Punk funk (also hyphenated as punk-funk) is a music fusion genre that typically combine punk rock and funk influences. It gave way to and is closely associated with dance-punk, avant-funk, and funk metal, all of which are also alternatively described as punk funk. The term punk funk has been used to describe Cansei de Ser Sexy by CSS, Minutemen, whose nimble punk funk was compared to Gang of Four by music critic Simon Reynolds, and "Precious" by the Jam, described by Uncut as "hypnotically, itchy, punk funk".

==History==
Punk funk emerged in the late 1970s, however, it was eclipsed in the 1980s by dance-punk, avant-funk, and funk metal later in the 1980s, all of which are also alternatively described as punk funk. Despite this, punk funk has been occasionally used in more recent years to describe bands such as CSS and their 2005 album Cansei de Ser Sexy.

===1970s===
Ian Dury and the Blockheads, formed in 1977, have been described as punk funk. The earliest punk funk band is probably Talking Heads, having formed in 1975. Their track "Psycho Killer" opens with a funky bassline, and following this, they brought in Bernie Worrell from Funkadelic into their live band.

===1980s===
Beginning in the 1980s, punk funk itself metamorphosised into dance-punk, avant-funk, and funk metal. Almost all punk funk bands were swept up into these new genres; Gang of Four has been described as dance-punk. The Jam split up in 1982, and its member Paul Weller formed the Style Council a year later, which saw Weller take his music in a more soulful direction, which was only hinted at on later Jam releases. Following Minutemen's 1985 breakup, George Hurley and Mike Watt would take their music into a more experimental vein with Firehose, although hints of Minutemen's blend of punk, funk, and free jazz could be heard. However, one group associated with punk funk which emerged in the UK during this period was the Higsons.

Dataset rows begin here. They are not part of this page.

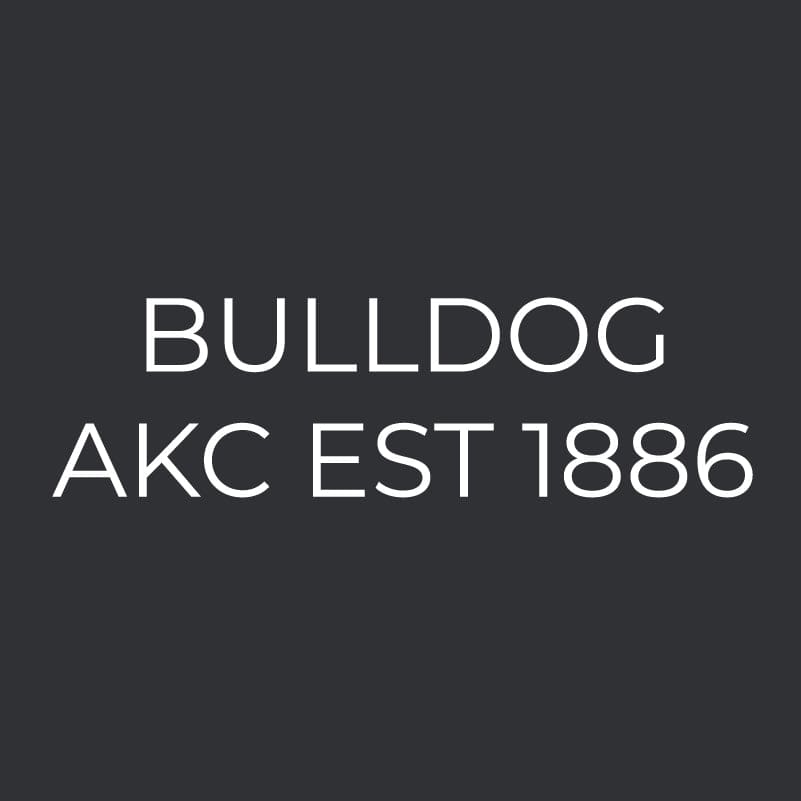 Bulldog Embroidered AKC Men's Polo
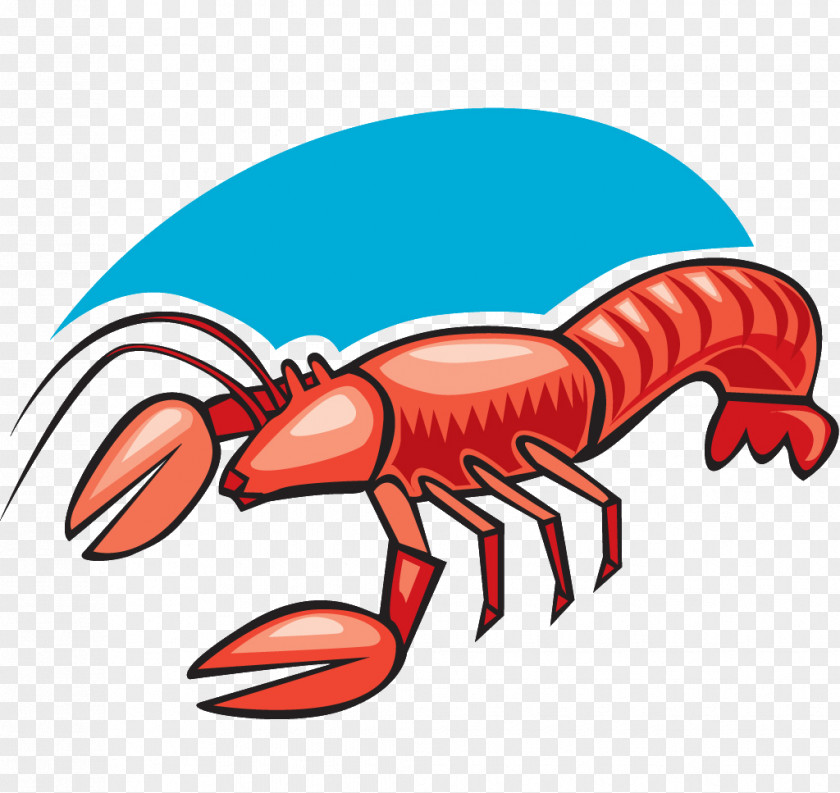 Cartoon Lobster Homarus Palinurus Elephas Clip Art PNG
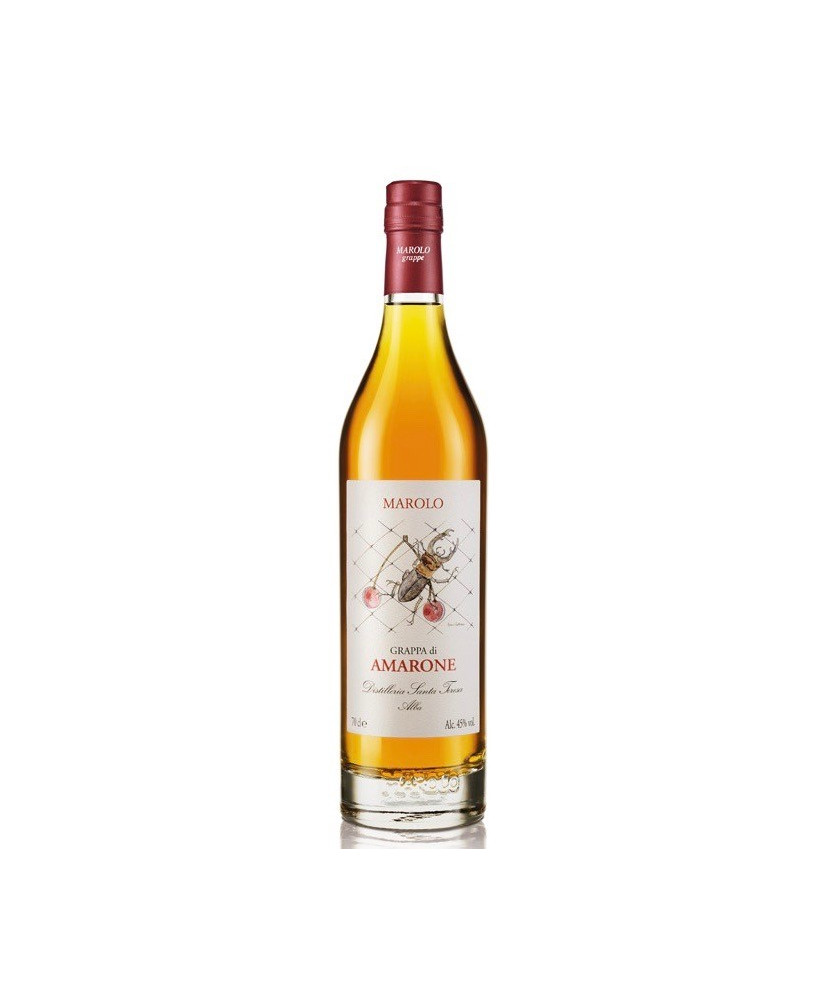 Buy online sales and prices Marolo Italian Grappa of Amarone Barricade. Shop schnapps distillery Marolo, Italy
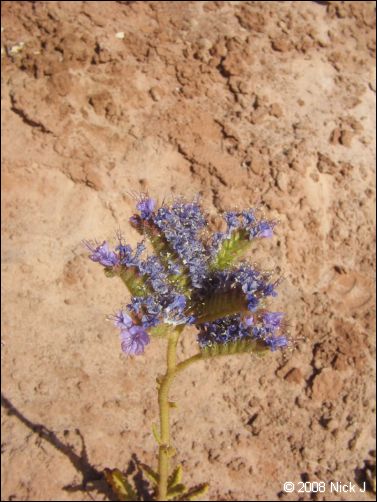 2008-05_capitolreef_ut_0556.jpg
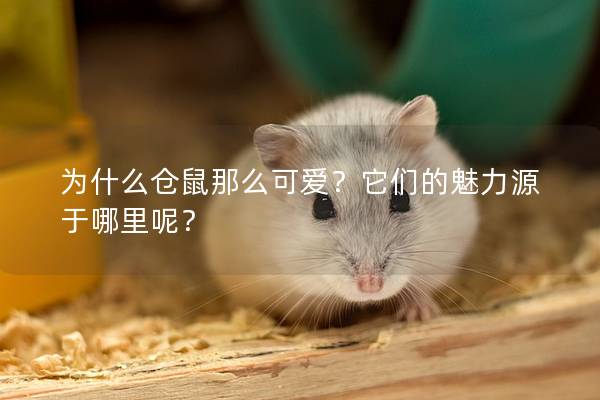 为什么仓鼠那么可爱？它们的魅力源于哪里呢？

In the 1980s, Rick James would break through with his biggest commercial success in "Super Freak". He has, over the years, branded himself as the "King of punk funk", and The New York Times and Bay State Banner have noted his punk funk sound. uDiscover Music argues that the punk context was in his street attitude, and not in a musical one.

===2000s===
In 2005, CSS released Cansei de Ser Sexy, which has been described as punk funk by Australian newspaper The Age.

===2020s===
Earth by EOB has been described as punk funk by Pitchfork.